_Records supplied:_
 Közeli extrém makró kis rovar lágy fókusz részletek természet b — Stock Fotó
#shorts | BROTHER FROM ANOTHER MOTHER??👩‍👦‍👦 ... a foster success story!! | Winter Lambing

==

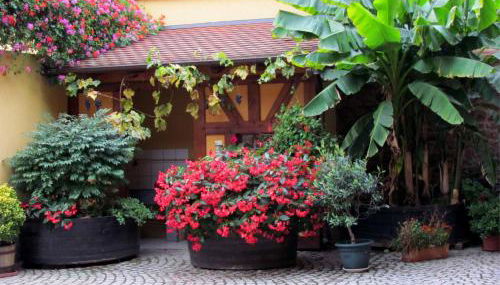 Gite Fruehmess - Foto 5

_Your instructions:_
Your answer must consist solely of the lines above between the line holding "Közeli extrém makró" and the line holding "#shorts | BROTHER", inclusive, copied exactly.

_Solution to the problem:_
 Közeli extrém makró kis rovar lágy fókusz részletek természet b — Stock Fotó
#shorts | BROTHER FROM ANOTHER MOTHER??👩‍👦‍👦 ... a foster success story!! | Winter Lambing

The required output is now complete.